Search the records for the word "Chinese". Copy every line where it appears.

*** Opening Records for this task ***

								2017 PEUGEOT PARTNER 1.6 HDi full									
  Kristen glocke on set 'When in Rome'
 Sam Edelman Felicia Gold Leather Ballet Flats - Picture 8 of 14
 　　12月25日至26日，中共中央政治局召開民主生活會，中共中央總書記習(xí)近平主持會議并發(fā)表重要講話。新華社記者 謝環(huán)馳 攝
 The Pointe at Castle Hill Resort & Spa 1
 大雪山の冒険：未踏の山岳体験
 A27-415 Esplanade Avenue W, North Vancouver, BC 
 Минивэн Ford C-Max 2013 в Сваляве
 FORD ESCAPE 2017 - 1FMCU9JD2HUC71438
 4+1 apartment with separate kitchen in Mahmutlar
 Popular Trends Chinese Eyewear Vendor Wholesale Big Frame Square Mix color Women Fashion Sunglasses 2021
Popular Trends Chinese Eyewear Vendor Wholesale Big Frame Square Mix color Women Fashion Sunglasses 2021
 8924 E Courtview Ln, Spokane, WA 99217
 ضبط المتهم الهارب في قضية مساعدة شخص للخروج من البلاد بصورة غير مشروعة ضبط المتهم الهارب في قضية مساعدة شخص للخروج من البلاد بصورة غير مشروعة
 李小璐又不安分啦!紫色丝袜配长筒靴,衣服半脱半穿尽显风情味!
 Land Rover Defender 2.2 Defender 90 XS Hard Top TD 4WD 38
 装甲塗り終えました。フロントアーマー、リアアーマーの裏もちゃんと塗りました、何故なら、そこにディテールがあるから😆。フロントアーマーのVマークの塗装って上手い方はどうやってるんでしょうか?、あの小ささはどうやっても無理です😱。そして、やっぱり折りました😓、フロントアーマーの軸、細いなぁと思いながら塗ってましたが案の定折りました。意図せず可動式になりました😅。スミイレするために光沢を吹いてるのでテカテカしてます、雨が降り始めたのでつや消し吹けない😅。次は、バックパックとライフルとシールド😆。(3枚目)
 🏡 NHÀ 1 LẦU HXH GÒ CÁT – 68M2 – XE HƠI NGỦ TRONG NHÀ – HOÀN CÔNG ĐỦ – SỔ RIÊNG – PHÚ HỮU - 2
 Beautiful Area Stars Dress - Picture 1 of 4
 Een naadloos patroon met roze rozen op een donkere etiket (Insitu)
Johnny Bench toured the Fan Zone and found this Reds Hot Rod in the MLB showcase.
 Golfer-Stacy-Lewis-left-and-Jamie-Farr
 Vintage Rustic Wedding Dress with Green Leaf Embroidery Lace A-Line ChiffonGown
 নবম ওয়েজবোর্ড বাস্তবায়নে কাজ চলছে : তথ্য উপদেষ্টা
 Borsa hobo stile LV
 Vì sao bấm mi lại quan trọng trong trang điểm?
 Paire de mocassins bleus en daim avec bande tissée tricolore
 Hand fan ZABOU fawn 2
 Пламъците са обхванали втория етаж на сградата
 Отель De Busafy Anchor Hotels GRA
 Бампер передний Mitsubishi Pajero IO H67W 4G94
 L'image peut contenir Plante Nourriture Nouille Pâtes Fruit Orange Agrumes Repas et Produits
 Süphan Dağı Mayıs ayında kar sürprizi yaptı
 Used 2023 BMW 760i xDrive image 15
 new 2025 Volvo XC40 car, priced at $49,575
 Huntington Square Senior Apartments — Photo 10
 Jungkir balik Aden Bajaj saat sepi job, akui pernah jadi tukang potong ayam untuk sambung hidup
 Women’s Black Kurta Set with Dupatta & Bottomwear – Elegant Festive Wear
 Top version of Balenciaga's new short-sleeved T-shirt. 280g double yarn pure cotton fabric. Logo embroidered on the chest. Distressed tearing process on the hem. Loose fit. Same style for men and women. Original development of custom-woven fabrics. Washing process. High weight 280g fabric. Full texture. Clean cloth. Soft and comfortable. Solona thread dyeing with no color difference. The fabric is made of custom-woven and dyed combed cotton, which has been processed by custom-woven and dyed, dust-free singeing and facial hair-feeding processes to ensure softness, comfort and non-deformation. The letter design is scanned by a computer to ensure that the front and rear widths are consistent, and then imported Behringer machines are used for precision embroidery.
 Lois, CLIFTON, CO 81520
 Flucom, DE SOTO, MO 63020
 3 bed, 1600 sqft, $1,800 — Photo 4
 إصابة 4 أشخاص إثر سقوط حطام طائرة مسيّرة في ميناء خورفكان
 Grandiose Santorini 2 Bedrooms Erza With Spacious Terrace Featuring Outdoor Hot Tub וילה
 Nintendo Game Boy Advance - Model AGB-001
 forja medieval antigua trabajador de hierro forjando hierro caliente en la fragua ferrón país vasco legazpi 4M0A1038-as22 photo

*** Closing Records for this task ***

■ **Written response**
 Popular Trends Chinese Eyewear Vendor Wholesale Big Frame Square Mix color Women Fashion Sunglasses 2021
Popular Trends Chinese Eyewear Vendor Wholesale Big Frame Square Mix color Women Fashion Sunglasses 2021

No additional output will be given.